Agentic Feedback Loops
Avoid the 'Bitter Lesson' by investing your time in the right places
In the time since December 2025, coding agents have revolutionized software development. As an industry, a ton of energy has been expended trying to get the most out of these tools. One day, there will probably be a consensus on what the ideal workflow is for an AI native project, but in the meantime we all have to place a bet on what will be the convention of the future. Some, or more likely, all of us, will have to rework our projects to conform with tomorrow’s best practices.
So what do we do in this transitional period, the here and now? Do we sit, wait for the future to come? Do we experiment, knowing that it might all be for nothing, and that we might have to migrate again in another six months? These are questions I’ve been thinking about a lot in recent months. And while I still do not have the answers, I have come to believe that automated quality gates are the highest leverage place to invest currently.
If you’ve worked with agents very much, you know that they can be confidently wrong. You can prompt defensively to combat this, but the solution space is too large to express every anti-pattern in the bounded context window of modern day LLMs. The naive approach is to do human-in-the-loop review of the model’s output after each section in a task, but this is time consuming and error prone. Human review is valuable, but if you try to review everything an agent does manually, you will quickly find yourself overwhelmed by slop. The solution to this is not complicated. You need automated quality gates. In the simplest form, you just need a good linter and a good test suite.

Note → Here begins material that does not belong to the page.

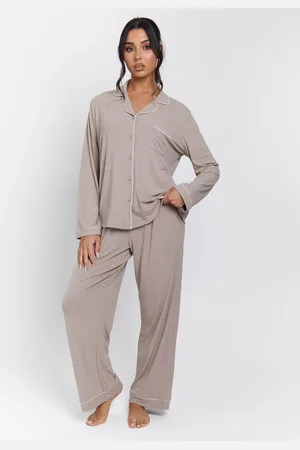 Loungeable Rib Long Sleeve Traditional Shirt and Long PyjamasXL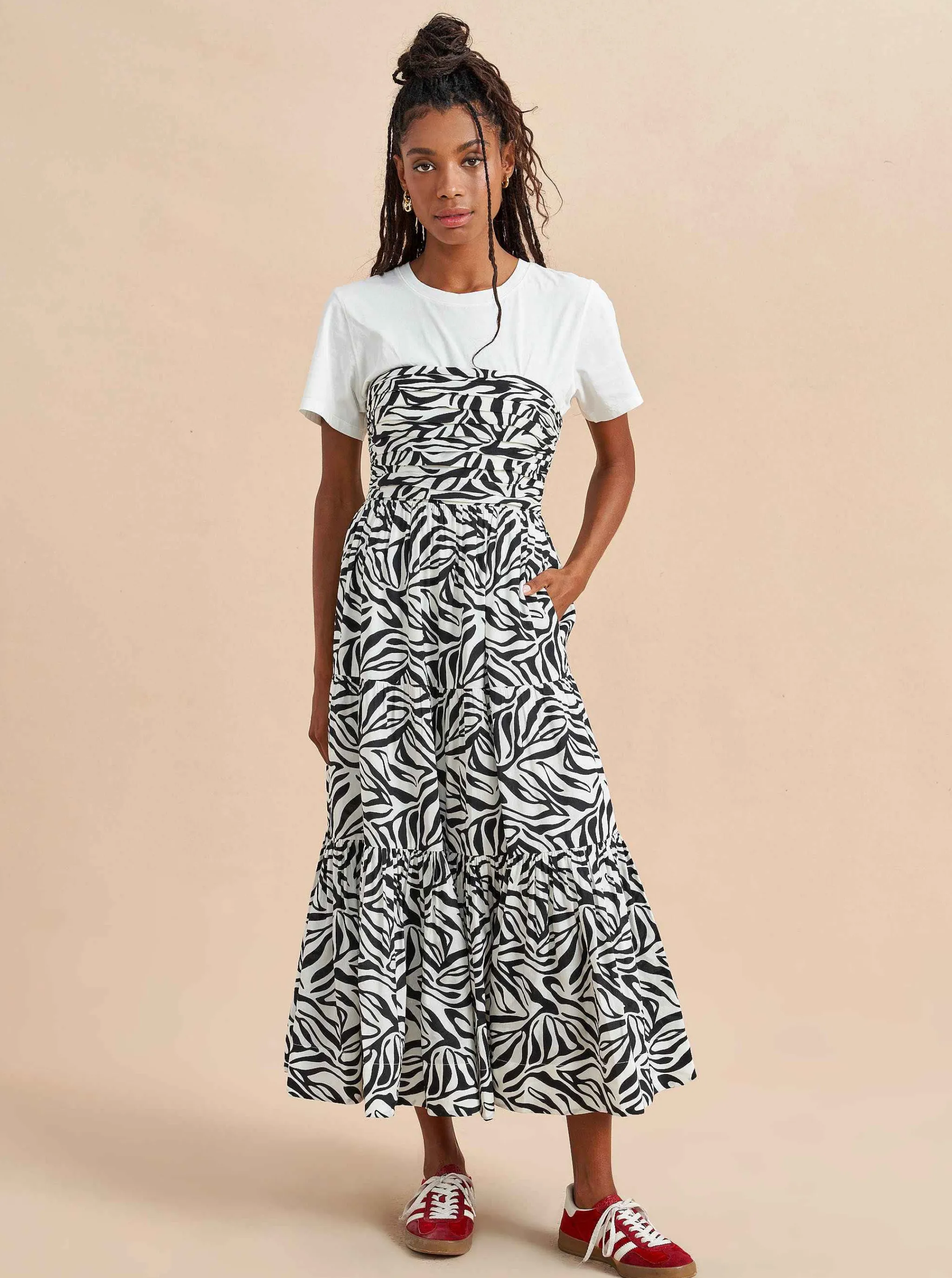 La Ligne Midi Dresses*Sleeveless Sofia Dress Ivory/Black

How can we ensure that an agent runs these at the right time? A few solutions exist.
- Tell your agent to run them in
AGENTS.md. This is the simplest way, and actually works decently well unless your context window is getting too full. - Agent hooks: Claude Code and Codex both allow you to create plugins which can run these checks on certain lifecycle events. The downside of these is that they are unique to each coding agent.
- Git hooks: Run all of your verification in a pre-commit hook.
My recommendation is to implement a hybrid of 1 and 3. Set up all of your quality gates under a script like pnpm verify and add the following to your AGENTS.md:
After each logical chunk of work, run pnpm verify to ensure you are complying with project conventions.
For pre-commit hooks, I prefer these tools.
- Left Hook for git hooks management
- lint-staged to run checks on only staged changes
- Biome for very fast linting/formatting and excellent custom rules using GritQL
- Fallow.rs for additional code quality heuristics and quality gating
- Vitest for speedy test runs
- Gitleaks for secret scanning
Usually, I prompt something like this for the initial setup.
Set up a pre-commit hook in this repository using Left Hook and lint-staged. Ensure that it runs our tests, lints and formats files, performs code quality analysis with Fallow, and scans for potential secrets in staged files using Gitleaks. Please install Fallow.rs with default options for code quality if not already set up.
After setting this up in a project, I find that my agents can run significantly longer without my intervention. So many times, the review feedback I’m providing to an agent is something lintable. When you give an agent the right tools to check its own work, it can run for 30-60 minutes on a large enough task, and you don’t have to worry about slop anywhere near as much.